Vous avez dit sobriété énergétique ?
Mais le revers de la médaille interroge : peu d’emplois créés – 12 postes pour l’un des derniers data centers sur lesquels l’Autorité environnementale (Ae) a émis un avis – et surtout une consommation de surface et d’énergie considérables. A cet égard, le schéma régional climat air énergie indiquait qu’« un data center de 10 000 m² a besoin d’une puissance de raccordement au réseau électrique de 20 MW et consomme autant en électricité qu’une ville de 50 000 habitants », relève la MRAe.
Quant aux chantiers en cours dans l’Essonne, « la puissance appelée sera au total l’équivalent de celle produite par un réacteur nucléaire », constate la MRAe. Les appels à la sobriété énergétique lancés par le gouvernement à l’automne dernier ne semblent donc pas « avoir contrarié les projets ».
Pollution de l’air
C’est sous l'angle des installations classées (ICPE) que la MRAe examine les projets qui lui sont soumis. « C’est souvent l’important stockage de matières dangereuses et les conditions de fonctionnement des groupes électrogènes, des batteries, des onduleurs électriques, des systèmes de refroidissement et des aires de dépotage (livraison) qui conduisent l’Autorité environnementale à recommander une vigilance accrue ». Elle est même parfois amenée à réévaluer le risque, notamment s’agissant de la pollution de l’air (rejet de dioxyde d’azote).
Chaleur fatale
Autre point de vigilance : la chaleur fatale, cet air chaud issu du système de refroidissement des serveurs et qui est rejeté dans l’air. « Sa puissance est considérable », relève la MRAe. « Chaque data center […] rejette une énergie qui pourrait contribuer à chauffer des milliers de logements »… A condition d’être utilisée. C’est là que le bât blesse car en région parisienne, « on ne récupère que très rarement la chaleur fatale, souligne la MRAe. Ceux qui le font apparaissent comme des pionniers », à l'instar de Bailly-Romainvilliers avec sa piscine et son centre d’affaires chauffés grâce au data center ou encore du ministère de la Défense qui économise ainsi une énergie importante pour le chauffage du « Balardgone ».
Patate chaude
« Certes, les projets annoncent toujours une récupération possible de la chaleur fatale, mais dans les faits, cela reste au stade des intentions et les porteurs de projet renvoient la responsabilité de son utilisation vers les élus locaux. » Les raisons invoquées ? « La distance avec les lieux d’habitation ou encore le refus d’utilisation de cette énergie par le concessionnaire de chauffage urbain. Bien souvent, il n’a même pas été envisagé d’en faire bénéficier au moins les voisins au sein de la zone d’activité », déplore l’institution.

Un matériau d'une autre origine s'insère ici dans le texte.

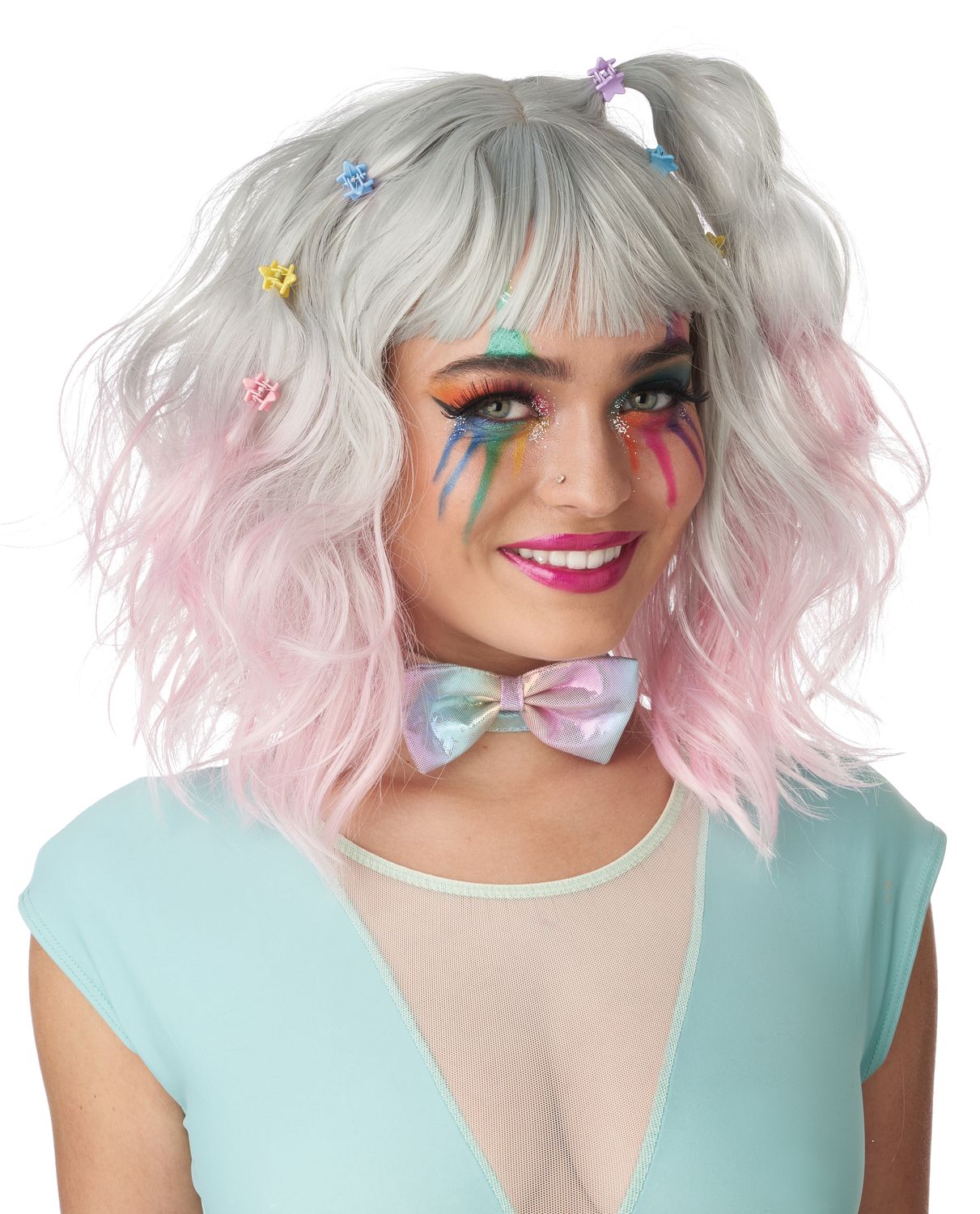 Pastel Textured Long Bob  - Gray/Pink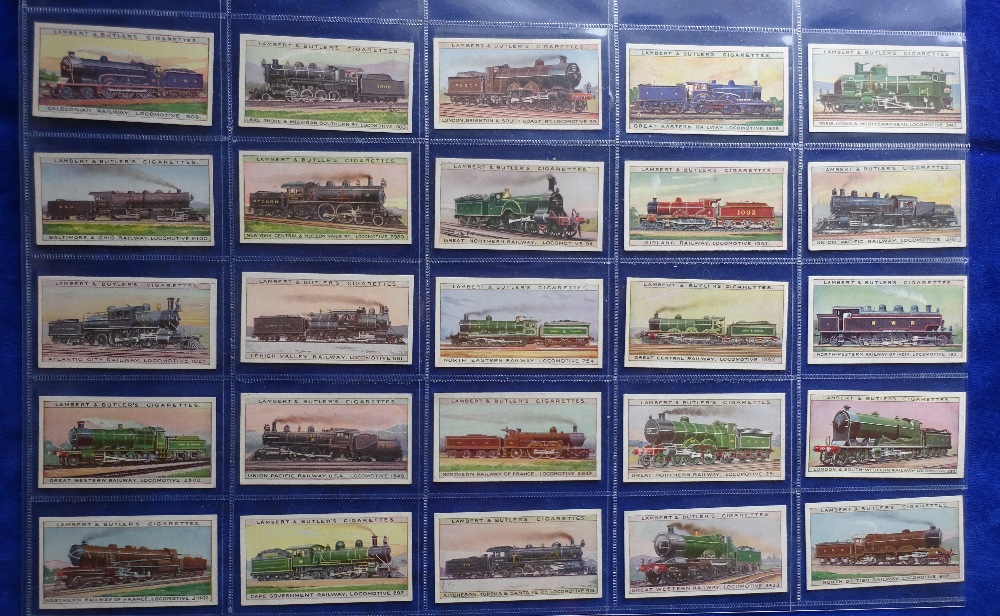 Cigarette cards, Lambert & Butler, Worlds Locomotives, all "series of 50" version, set 50 cards (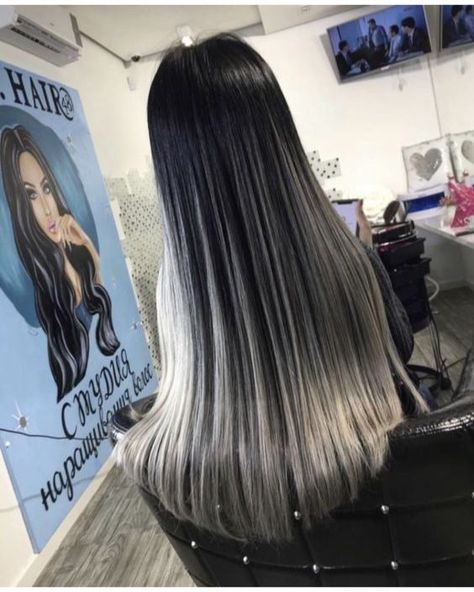 Black And Silver Hair Straight, Grey Low Lights, Black To Silver Ombre Hair, Black Hair Blonde Ends, Black And Blonde Ombre Hair, Hair With White Underneath, Black Hair With White Underneath, Black Hair With Platinum Highlights, Black And Platinum Hair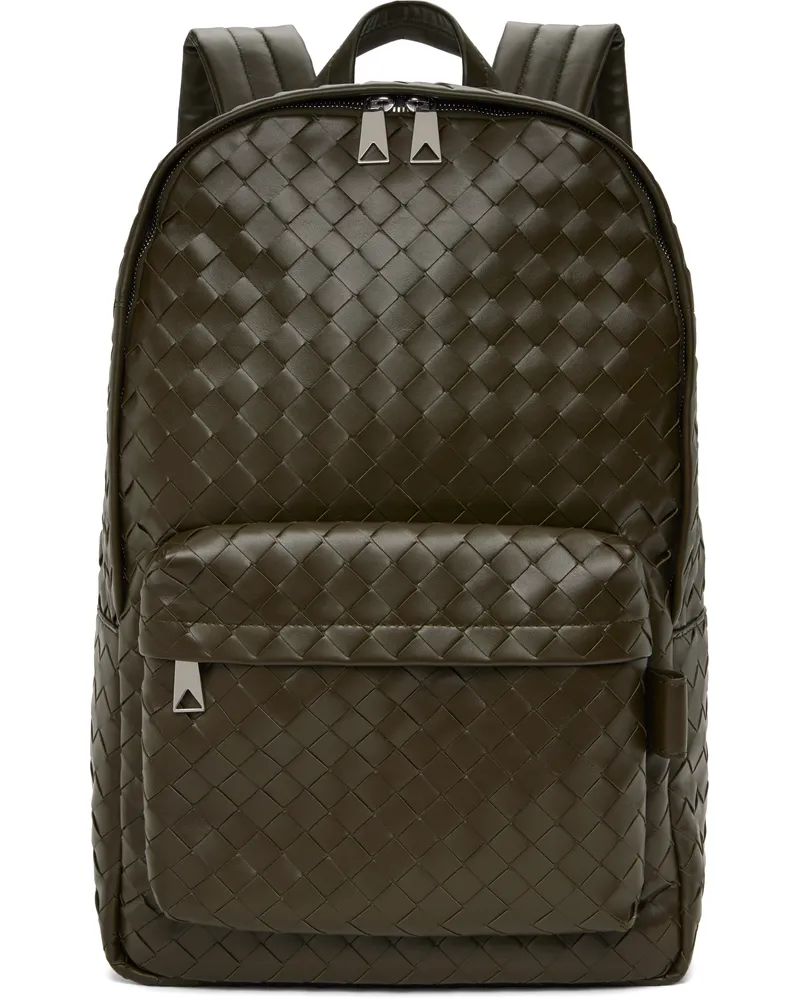 Bottega Veneta Khaki Medium Intrecciato Backpack Kaki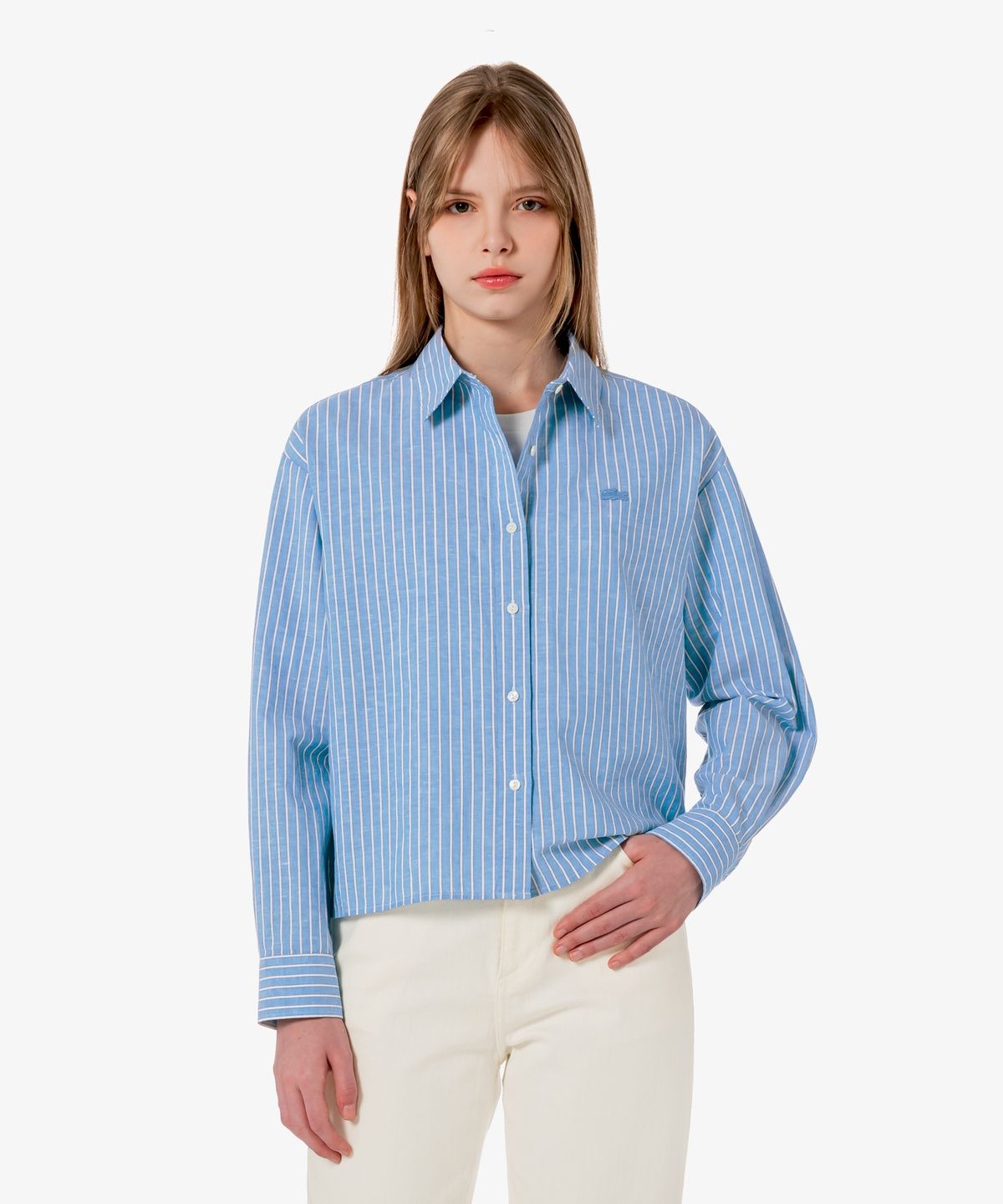 라코스테(LACOSTE) 여성 코튼 린넨 크롭 셔츠 CF006E-56G JBK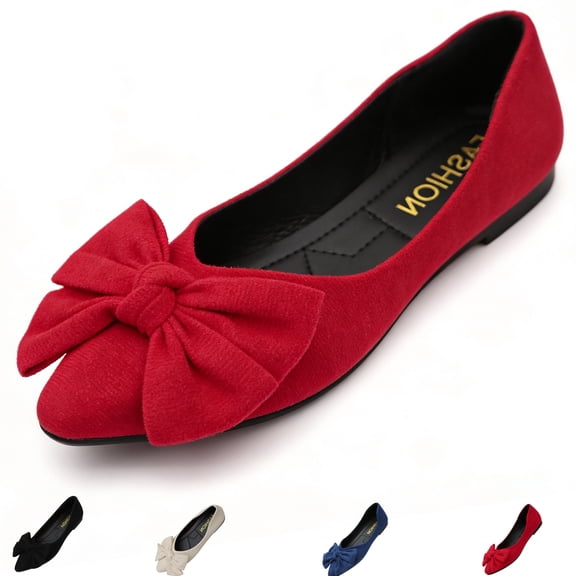 CHICVOMEY Pointed Toe Flats for Women Flats with Bow Comfortable Slip on Ballet Flats for Causal & Dress Shoes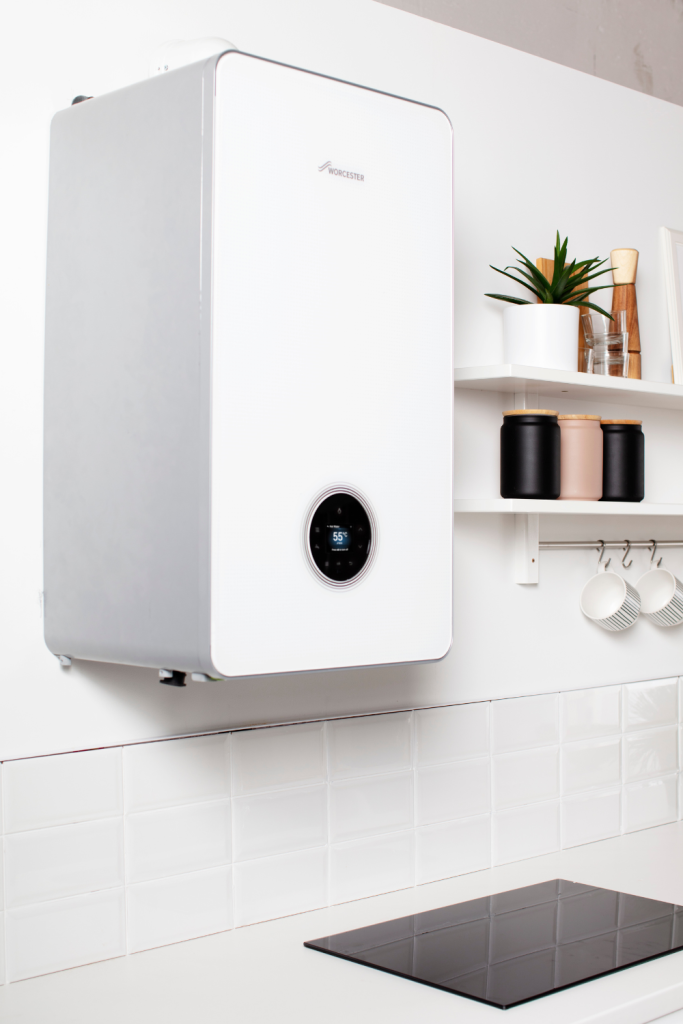 white boiler on wall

« Pourtant, cela fonctionne dans plusieurs communes et dans de nombreux pays ». Depuis quelques années, ces derniers ont organisé et anticipé, au sein de leur document d’urbanisme, la venue de ces infrastructures avec « des zonages particuliers et des prescriptions spéciales. De fait, la récupération énergétique est organisée en phase amont et est assurée au bénéfice de tous et de l’environnement ».